At the entrance to the museum, we were all given cards that outlined our racial identification. I drew a white card. Boxie-boo and Choppa-chaw drew the black cards, which meant we had to walk in different entrances, the same as it was during apartheid. The walls were covered with giant prints of black identification cards, forcing us to embrace a world that was once set on fire with racial segregation. Those I loved deeply, Boxie-boo and Choppa-chaw, were now lower class than me, hardly above animals, pathetic black people in the eyes of apartheid, unworthy to even step on the same set of concrete as white folk.
I felt the separation, this burden of hate and oppression, which I imagine caused many white South Africans to feel ashamed to live in a country where their own secret friends had to be treated as strangers in public to avoid persecution from the racist and arrest from their government. The walk horrified me. Had Boxie-boo been black, it would have been illegal for me to date her, a disgusting crime had I held her hand in public, worthy of a jail sentence.

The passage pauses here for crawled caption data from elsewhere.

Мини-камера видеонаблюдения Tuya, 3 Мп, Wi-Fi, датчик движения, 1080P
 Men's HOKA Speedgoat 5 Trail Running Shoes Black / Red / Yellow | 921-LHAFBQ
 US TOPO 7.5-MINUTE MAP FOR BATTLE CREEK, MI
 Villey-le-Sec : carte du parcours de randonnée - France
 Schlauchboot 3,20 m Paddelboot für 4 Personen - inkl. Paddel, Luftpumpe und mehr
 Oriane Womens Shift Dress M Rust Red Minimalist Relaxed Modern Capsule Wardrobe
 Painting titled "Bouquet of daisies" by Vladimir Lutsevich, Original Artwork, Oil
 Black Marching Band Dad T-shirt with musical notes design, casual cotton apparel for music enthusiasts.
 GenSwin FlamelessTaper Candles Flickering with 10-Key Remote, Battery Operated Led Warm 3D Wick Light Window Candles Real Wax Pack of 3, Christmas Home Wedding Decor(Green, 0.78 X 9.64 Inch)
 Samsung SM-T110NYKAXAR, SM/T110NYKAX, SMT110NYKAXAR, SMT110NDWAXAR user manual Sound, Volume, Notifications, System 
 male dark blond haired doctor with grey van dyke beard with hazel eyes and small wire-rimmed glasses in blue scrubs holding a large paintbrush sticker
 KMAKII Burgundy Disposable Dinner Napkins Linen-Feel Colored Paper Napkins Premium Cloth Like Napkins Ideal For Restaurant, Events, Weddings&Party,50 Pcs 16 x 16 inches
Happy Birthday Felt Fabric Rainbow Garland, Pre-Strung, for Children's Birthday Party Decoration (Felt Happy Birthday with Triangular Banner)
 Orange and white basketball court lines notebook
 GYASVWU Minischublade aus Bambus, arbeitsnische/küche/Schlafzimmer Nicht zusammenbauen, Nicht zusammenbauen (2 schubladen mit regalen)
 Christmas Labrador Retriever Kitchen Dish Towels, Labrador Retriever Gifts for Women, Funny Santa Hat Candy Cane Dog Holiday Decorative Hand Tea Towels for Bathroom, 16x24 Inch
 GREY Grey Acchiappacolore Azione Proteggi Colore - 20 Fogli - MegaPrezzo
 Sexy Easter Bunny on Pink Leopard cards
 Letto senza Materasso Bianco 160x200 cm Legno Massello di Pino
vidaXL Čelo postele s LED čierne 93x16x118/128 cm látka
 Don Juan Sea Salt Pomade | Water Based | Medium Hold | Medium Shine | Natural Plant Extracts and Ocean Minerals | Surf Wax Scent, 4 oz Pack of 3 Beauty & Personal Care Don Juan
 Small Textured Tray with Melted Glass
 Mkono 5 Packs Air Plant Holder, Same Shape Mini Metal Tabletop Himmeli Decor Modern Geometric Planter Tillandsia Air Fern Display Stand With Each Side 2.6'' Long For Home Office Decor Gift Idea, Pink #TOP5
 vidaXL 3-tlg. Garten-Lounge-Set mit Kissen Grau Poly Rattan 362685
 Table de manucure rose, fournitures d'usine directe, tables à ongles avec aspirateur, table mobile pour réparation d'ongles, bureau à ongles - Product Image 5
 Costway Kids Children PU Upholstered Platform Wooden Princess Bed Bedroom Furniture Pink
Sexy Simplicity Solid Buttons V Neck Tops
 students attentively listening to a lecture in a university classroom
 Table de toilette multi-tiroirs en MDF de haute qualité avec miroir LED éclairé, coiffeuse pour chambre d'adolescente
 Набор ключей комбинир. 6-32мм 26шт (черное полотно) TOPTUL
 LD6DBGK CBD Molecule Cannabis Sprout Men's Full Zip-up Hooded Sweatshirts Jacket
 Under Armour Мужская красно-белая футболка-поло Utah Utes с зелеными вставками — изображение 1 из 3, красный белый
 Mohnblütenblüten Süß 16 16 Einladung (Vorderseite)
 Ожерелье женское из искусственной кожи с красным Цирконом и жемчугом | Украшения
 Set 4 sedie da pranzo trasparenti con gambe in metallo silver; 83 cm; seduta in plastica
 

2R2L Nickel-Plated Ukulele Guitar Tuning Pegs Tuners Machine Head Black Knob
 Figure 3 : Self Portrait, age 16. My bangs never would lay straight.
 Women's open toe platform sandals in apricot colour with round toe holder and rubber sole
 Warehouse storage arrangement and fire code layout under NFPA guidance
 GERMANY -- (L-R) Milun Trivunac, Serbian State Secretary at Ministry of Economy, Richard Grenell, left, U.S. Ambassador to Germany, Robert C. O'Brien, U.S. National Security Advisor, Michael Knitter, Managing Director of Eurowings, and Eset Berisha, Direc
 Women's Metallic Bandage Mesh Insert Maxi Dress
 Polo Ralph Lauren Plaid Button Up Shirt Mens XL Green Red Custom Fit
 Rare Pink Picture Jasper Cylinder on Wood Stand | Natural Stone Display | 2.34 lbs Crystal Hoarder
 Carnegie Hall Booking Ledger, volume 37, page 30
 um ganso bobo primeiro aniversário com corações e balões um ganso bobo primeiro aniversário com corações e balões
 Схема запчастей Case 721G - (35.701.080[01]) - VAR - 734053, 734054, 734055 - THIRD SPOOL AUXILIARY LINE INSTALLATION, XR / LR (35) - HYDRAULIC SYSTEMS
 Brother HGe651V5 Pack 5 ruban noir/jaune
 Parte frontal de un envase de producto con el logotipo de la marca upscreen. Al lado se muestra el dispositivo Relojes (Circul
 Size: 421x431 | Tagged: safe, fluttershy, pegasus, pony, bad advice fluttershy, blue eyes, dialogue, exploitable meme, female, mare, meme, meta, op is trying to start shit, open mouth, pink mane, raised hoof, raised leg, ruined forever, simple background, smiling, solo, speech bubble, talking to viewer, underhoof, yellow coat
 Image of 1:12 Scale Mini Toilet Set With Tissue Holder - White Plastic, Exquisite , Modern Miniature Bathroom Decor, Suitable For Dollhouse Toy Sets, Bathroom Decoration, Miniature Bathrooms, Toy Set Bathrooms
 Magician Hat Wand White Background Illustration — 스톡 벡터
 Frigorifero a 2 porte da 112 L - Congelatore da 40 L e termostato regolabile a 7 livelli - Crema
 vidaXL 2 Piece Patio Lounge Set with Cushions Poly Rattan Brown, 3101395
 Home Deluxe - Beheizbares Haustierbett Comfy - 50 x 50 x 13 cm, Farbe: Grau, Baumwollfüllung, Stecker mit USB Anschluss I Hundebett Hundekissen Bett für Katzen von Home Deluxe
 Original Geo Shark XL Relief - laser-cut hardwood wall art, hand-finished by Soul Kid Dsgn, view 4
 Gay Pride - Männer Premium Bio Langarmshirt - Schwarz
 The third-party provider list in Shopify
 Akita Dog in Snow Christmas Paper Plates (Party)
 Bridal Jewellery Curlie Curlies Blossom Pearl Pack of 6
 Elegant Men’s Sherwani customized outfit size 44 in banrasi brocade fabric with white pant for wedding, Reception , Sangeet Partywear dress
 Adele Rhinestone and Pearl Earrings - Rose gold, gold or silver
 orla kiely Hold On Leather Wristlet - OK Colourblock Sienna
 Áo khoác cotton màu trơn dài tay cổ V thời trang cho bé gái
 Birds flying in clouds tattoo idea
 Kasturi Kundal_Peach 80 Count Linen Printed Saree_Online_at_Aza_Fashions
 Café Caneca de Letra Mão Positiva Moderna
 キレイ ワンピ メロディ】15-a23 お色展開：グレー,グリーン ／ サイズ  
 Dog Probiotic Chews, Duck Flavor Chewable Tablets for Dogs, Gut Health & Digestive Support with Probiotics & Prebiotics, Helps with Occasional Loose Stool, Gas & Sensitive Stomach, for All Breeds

Every single facet of apartheid was rooted in its system of racial classification, from 1948 until 1991. After 1950, all citizens were officially classsified as ‘native’, ‘white’, ‘coloured’, later extended to include ‘Asian’ as a separate racial category. Those who were classified as ‘white’ were guaranteed a lifetime of privilege. As a member of a supposedly inferior race, ‘coloureds’ were consigned to lower positions on the scale of economic and political opportunity. But they were considered superior to natives who were almost all relegated to lives of exploitation, poverty and hardship.
The process of racial classification began in line-ups very similiar to the ones we walked in 1951. In the eyes of apartheid planners, determining a person’s race was largely a matter of naming the obvious - a matter of common sense. No special training or insight was needed, except, I suppose, a racist mindset.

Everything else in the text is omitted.